Text recognition (OCR)

Avatar Richard I
In 'out of the box' Mac OS or IOS is there a text recognition facility?

I wish to convert scans of pages of text to a form that can be edited and used in the Pages app.

If not, does anyone use and therefore recommend an app to do it?

Re: Text recognition (OCR)

Avatar Euan Williams
You may find LEADTOOLS OCR App app really useful. It's free in basic use format. I have used it for many years, lately to scan 500 pages of typescript from the 1950s which it did fast and reasonably accurately.

Remember that success does depend on the resolution at which you scan the document. 300dpi is a minimum, and sometimes you may have to scan at a resolution as high as 750dpi or higher. Only experiments on your particular document will tell you what to use.
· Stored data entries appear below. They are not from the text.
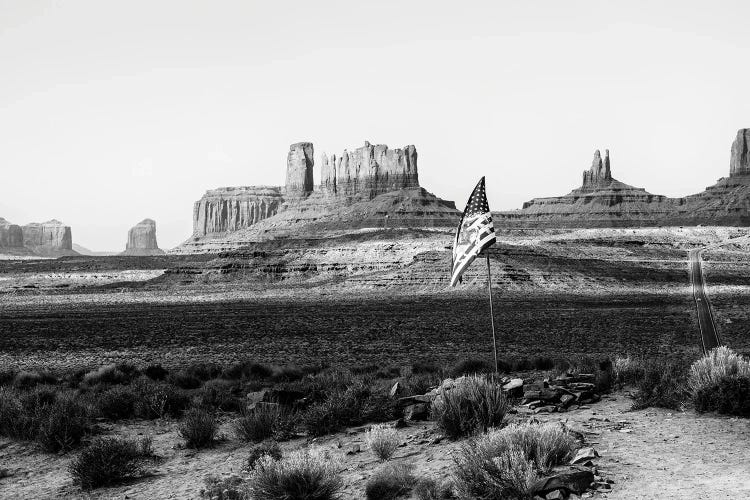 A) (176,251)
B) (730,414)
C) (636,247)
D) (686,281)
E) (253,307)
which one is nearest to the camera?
(730,414)

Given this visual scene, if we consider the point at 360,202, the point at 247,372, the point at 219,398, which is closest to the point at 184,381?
the point at 247,372

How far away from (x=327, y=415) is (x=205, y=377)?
909 cm

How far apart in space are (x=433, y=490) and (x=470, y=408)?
284 cm

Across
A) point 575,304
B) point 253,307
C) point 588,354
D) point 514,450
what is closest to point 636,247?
point 575,304

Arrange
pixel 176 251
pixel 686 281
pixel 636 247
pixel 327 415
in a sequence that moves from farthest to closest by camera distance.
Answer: pixel 176 251
pixel 636 247
pixel 686 281
pixel 327 415

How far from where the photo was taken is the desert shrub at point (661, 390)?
13.1 m

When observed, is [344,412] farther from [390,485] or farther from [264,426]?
[390,485]

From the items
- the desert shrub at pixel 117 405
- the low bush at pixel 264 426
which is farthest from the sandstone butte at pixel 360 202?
the low bush at pixel 264 426

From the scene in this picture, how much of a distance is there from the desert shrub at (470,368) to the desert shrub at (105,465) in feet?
30.6

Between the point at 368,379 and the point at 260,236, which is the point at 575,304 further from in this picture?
the point at 260,236

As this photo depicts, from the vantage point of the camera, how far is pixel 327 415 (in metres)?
14.2

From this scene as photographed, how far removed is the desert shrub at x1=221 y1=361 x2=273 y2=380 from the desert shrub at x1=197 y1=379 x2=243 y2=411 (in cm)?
271

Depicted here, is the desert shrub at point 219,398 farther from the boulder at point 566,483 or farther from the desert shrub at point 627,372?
the boulder at point 566,483

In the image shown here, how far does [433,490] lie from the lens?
9.79 meters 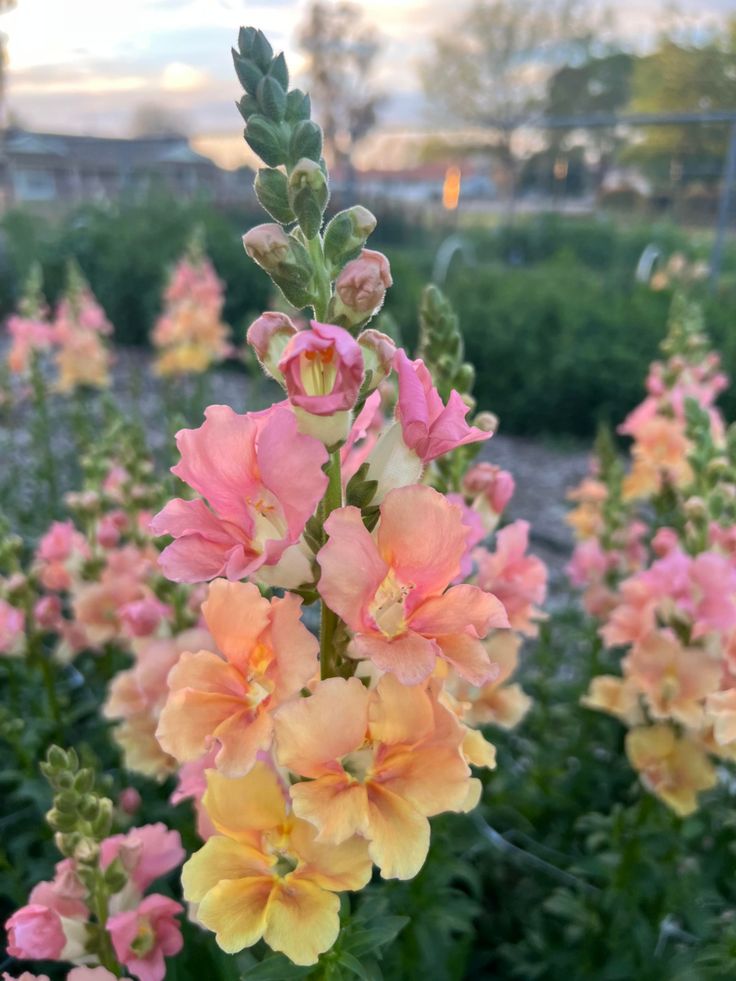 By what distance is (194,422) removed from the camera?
7.03m

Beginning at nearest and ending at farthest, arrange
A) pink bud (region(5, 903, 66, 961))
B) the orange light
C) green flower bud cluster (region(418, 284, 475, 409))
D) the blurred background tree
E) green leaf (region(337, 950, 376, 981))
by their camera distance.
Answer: green leaf (region(337, 950, 376, 981)) → pink bud (region(5, 903, 66, 961)) → green flower bud cluster (region(418, 284, 475, 409)) → the blurred background tree → the orange light

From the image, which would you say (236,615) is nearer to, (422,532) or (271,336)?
(422,532)

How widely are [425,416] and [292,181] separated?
383 mm

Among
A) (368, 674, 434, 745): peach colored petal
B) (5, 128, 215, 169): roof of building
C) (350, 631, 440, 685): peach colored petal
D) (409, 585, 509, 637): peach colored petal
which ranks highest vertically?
(5, 128, 215, 169): roof of building

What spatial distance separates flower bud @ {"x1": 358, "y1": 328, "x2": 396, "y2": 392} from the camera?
3.89 feet

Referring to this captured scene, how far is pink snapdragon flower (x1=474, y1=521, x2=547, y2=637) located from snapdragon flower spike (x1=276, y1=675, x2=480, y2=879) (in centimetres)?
80

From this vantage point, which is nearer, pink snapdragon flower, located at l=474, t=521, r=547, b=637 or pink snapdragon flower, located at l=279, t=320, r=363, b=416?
pink snapdragon flower, located at l=279, t=320, r=363, b=416

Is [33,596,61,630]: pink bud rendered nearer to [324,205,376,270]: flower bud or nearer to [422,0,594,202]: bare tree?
[324,205,376,270]: flower bud

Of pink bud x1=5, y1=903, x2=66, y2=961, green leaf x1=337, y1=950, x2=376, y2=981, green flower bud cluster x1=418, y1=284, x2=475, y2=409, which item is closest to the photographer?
green leaf x1=337, y1=950, x2=376, y2=981

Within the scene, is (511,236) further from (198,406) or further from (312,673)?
(312,673)

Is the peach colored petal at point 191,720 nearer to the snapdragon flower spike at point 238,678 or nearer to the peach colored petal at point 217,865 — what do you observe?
the snapdragon flower spike at point 238,678

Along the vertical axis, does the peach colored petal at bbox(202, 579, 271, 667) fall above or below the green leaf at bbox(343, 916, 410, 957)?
above

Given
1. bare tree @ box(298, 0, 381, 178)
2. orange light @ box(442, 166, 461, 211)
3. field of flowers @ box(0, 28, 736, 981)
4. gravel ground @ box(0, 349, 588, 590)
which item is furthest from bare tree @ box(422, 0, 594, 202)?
field of flowers @ box(0, 28, 736, 981)

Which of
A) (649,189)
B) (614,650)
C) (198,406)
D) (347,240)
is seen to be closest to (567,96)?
(649,189) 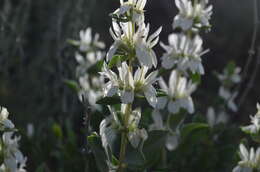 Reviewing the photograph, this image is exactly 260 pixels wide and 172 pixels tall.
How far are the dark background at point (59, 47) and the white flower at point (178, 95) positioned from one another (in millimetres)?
486

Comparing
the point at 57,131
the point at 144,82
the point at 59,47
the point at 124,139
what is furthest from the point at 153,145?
the point at 59,47

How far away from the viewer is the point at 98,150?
1.55 meters

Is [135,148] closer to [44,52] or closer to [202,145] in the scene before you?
[202,145]

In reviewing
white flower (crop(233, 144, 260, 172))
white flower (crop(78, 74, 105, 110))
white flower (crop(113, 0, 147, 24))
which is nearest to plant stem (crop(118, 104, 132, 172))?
white flower (crop(113, 0, 147, 24))

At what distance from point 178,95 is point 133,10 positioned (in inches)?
28.3

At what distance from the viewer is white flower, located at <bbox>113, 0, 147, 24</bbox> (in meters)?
1.43

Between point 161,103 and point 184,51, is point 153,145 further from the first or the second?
point 184,51

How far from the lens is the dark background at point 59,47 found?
289 centimetres

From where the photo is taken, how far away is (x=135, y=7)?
4.85ft

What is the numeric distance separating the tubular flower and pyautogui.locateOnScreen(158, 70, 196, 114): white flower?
496mm

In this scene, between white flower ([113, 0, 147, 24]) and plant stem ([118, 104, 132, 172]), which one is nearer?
white flower ([113, 0, 147, 24])

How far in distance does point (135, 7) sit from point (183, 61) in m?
0.54

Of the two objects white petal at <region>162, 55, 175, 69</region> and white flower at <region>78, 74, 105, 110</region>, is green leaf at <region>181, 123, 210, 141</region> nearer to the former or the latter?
white petal at <region>162, 55, 175, 69</region>

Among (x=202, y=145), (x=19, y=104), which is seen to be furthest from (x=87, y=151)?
(x=19, y=104) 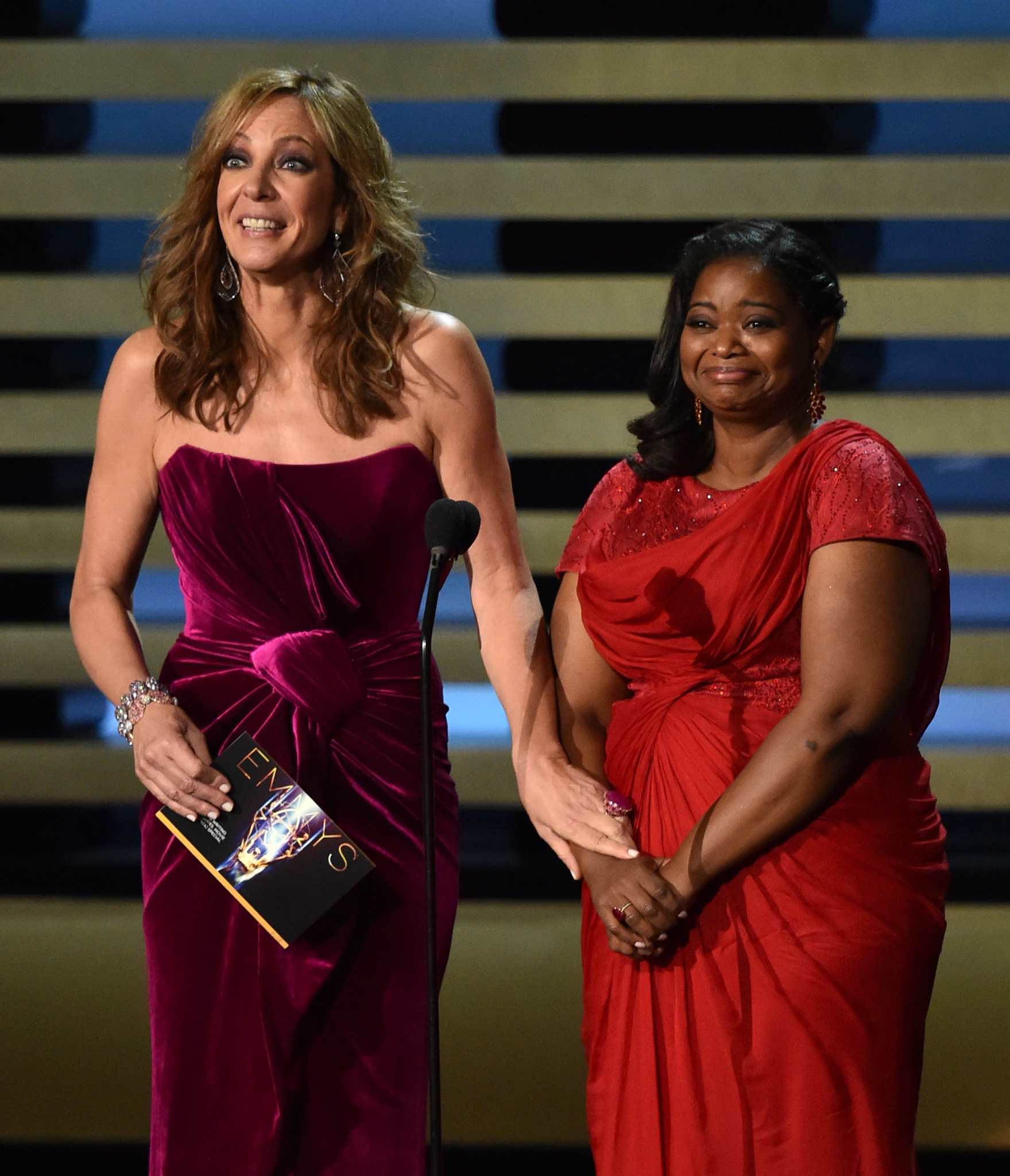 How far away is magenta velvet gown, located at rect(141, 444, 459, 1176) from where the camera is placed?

There is a trade-off between time to scan and time to clean up the result.

When you open the App you will see a plain text description page scan. Use this to learn the App.

It has a slightly eccentric interface, but the basic workflow is, from the top menu bar:

1. "Open Document"

2. "Draw Zone" [select the area of the page you want to recognize]

3. "Recognize" [does the OCR and puts it in the Page Text box; bottom of the screen]

4. click once in that text window and press cmd-A to select all the text

5. copy the text and paste into Text Edit (or Pages, but Text Edit is really good at 'cleaning up' text without worrying about formatting) and Save.

6. In the top menu bar "Zones > Clear all Zones"

7. Delete the text in the bottom box.

Text Edit has a range of keyboard modifiers which move the cursor to the beginning and end of lines, forward and back between words, deleting character returns, etc. Look in the Help files for these, they will speed up your cleaning operation wonderfully if you can learn at least one or two.

If you have a lot of pages to scan dont forget to insert numbered markers in your Text Edit text so you can easily check the OCR text from the original.

Re: Text recognition (OCR)

Avatar Richard I
Thanks Euan, I will investigate...